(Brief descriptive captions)
- - - - - - -
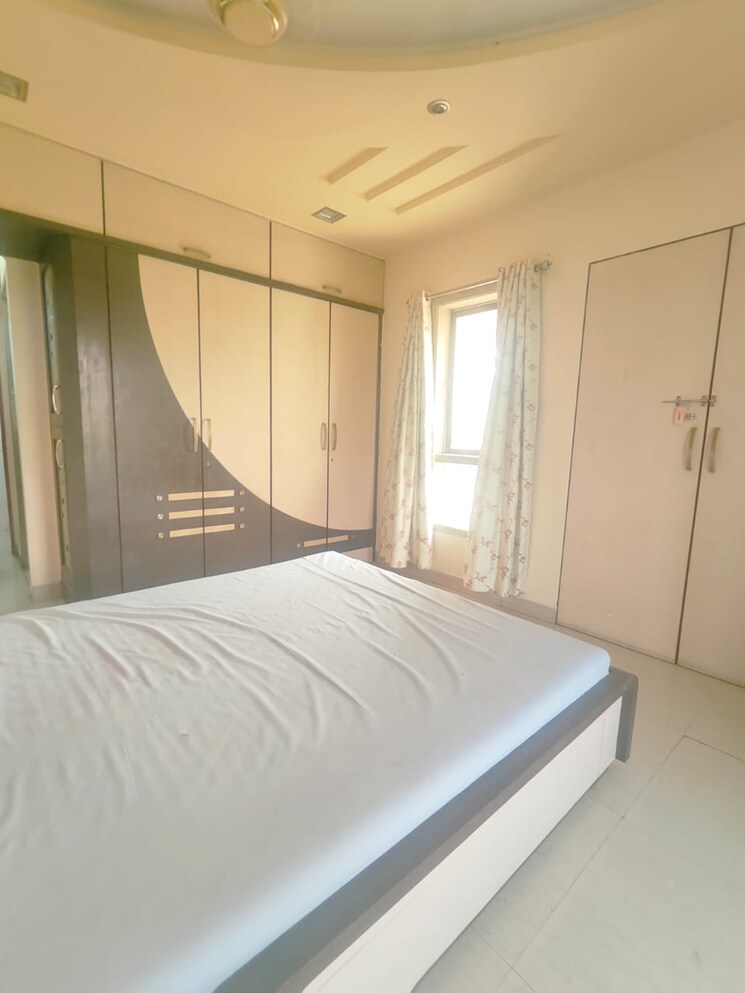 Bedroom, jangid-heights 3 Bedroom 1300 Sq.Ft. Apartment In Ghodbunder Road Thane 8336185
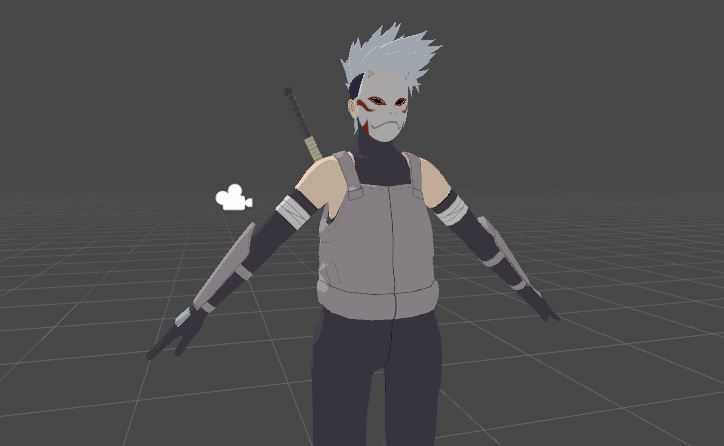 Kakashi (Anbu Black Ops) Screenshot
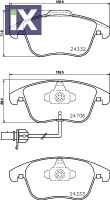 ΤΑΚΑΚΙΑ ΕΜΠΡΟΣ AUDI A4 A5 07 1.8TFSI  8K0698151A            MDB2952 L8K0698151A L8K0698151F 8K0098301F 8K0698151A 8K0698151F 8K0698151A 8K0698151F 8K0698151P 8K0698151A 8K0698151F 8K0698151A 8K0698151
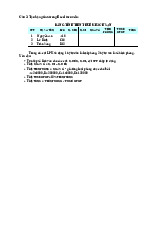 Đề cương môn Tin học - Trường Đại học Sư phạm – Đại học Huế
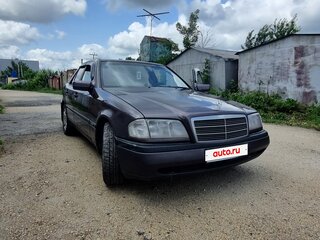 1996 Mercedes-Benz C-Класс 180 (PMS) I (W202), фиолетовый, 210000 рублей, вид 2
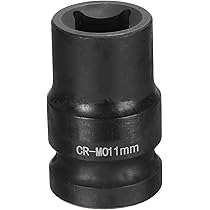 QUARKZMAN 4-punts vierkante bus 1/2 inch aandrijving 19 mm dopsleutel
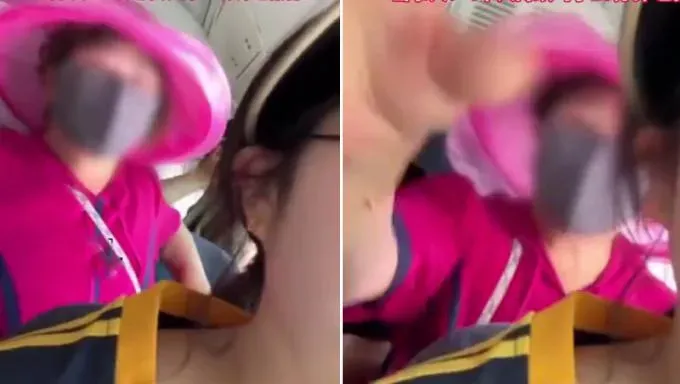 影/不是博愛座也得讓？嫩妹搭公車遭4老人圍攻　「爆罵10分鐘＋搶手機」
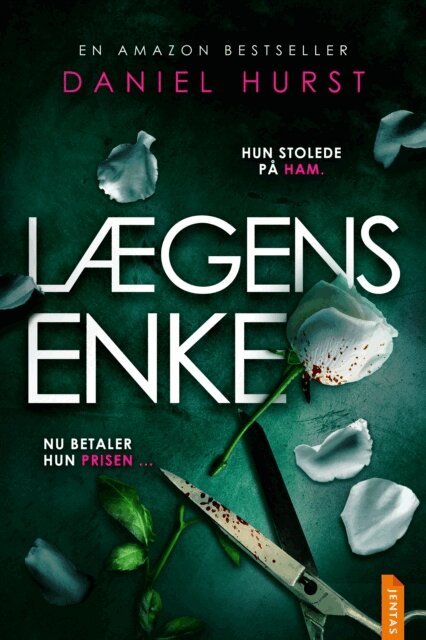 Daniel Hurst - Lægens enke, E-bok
- - - - - - -
__WORK REQUIRED__: With pictures removed, write out exactly each line of the entries from the first through the line that holds "Kakashi (Anbu Black Ops) Screenshot".

__EXERCISE ANSWER__:
 Bedroom, jangid-heights 3 Bedroom 1300 Sq.Ft. Apartment In Ghodbunder Road Thane 8336185
 Kakashi (Anbu Black Ops) Screenshot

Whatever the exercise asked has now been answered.